James Murray is one of over 100,000 people to have trekked around the Annapurnas this season. Like many, he came to Nepal because he’d heard it was remote; but when he saw dirt bikes in Manang, he couldn’t believe his eyes.
“I came here after my dad recommended this trek,” shares Murray, whose father had embarked on the same journey two decades ago.
“Things are a bit different from what my father had told me–he saw men in horses, but I, on the other hand, see dirt bikes. He had said that I’d be in the wild without cars, motorbikes or mobile networks. I guess it’s become more commercial which is not what I was hoping for.”
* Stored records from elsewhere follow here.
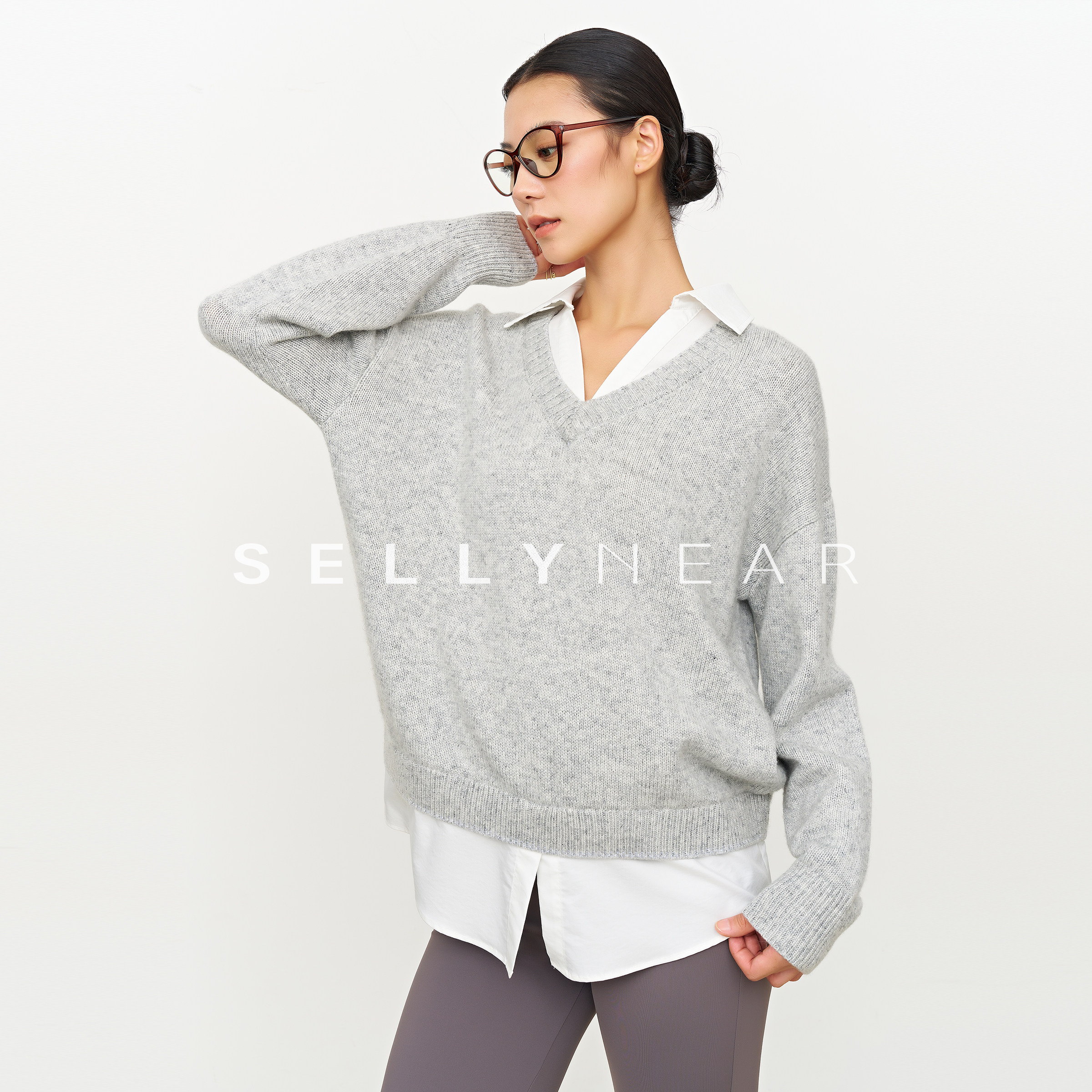 SELLYNEAR孕妇装新款秋冬毛衣时尚宽松显瘦学院风假两件孕期上衣
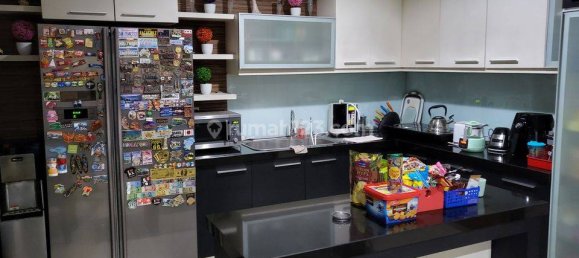 4 bedrooms House in Jakarta, Indonesia No. 1371 24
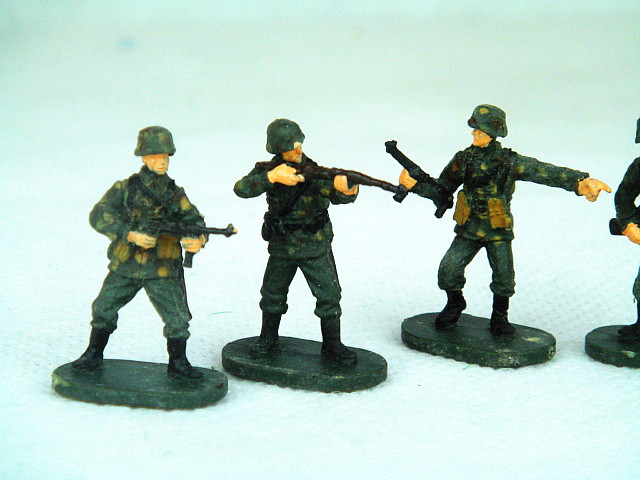 Models & Kits Soldiers, Figures P0410 German Military Men PMA 1:72 ...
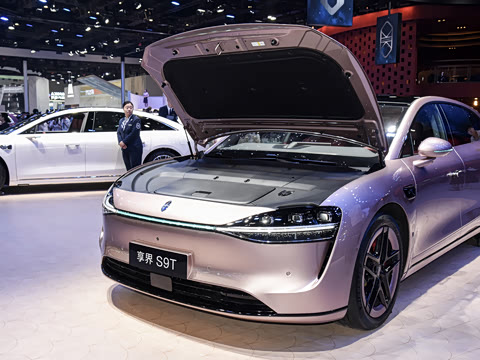 2025�� ���� ����Ultra (896�߼����״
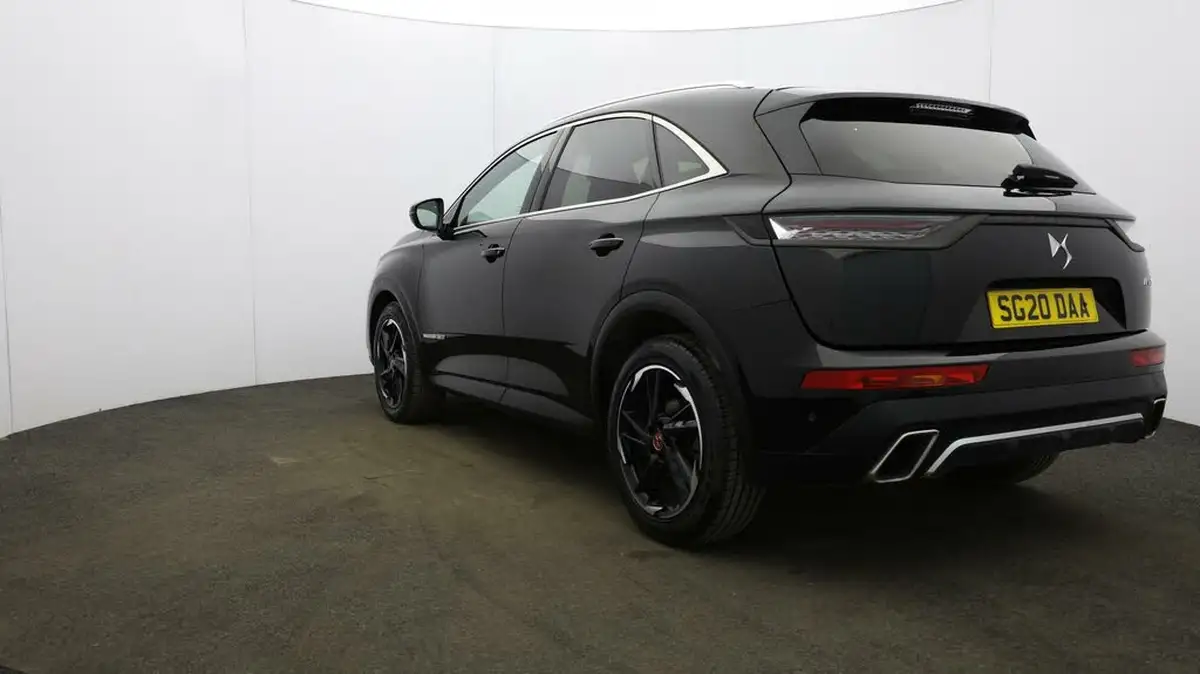 2020-ds-ds-7-crossback-16-puretech-performance-line-180ps-big-37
Two decades ago, the Annapurna Circuit was in the top 10 best trekking routes in the world, but now it’s not on the list anymore.
The road to change
“I feel that is due to the road,” adds Tashi Sherpa, a trekking guide. “This part of Nepal was untouched by modern amenities. But after the arrival of the roads, people don’t think this trek is as pure as it used to be two decades ago.”
The tourists understand the need for roads around the Annapurnas, but feel it could have been done in a better way.
“Nepal is a developing country and these types of roads are a proof of that. Road access means life is simpler for the locals around the area, but what I don’t get is why the trails were hampered. I personally didn’t like walking on the jeep tracks, which makes up around 40% of the trail,” adds Murray.
Nation Trust for Nature Conservation (NTNC), an autonomous and not-for-profit organisation, mandated to work in the field of nature conservation in Nepal, agrees that the trail around the Annapurna Circuit shouldn’t have been damaged.
“Road access has made the lives of locals easy, which is a positive, but we do agree that hampering the trails shouldn’t have been done,” shares Bikhyat Sherchan, Information Officer at NTNC.
He also adds that it was the community which asked for the roads to put on the trail. “The community dictates what is to be done in the region and we just helped them out,” adds Sherchan.
The road from Besi Sahar to Khangsar is over 100 km long. Only raised four-wheel drives and motorbikes can travel these roads. It takes 12 hours to complete the journey travelling on snake-like roads at an average speed of 10 kmph.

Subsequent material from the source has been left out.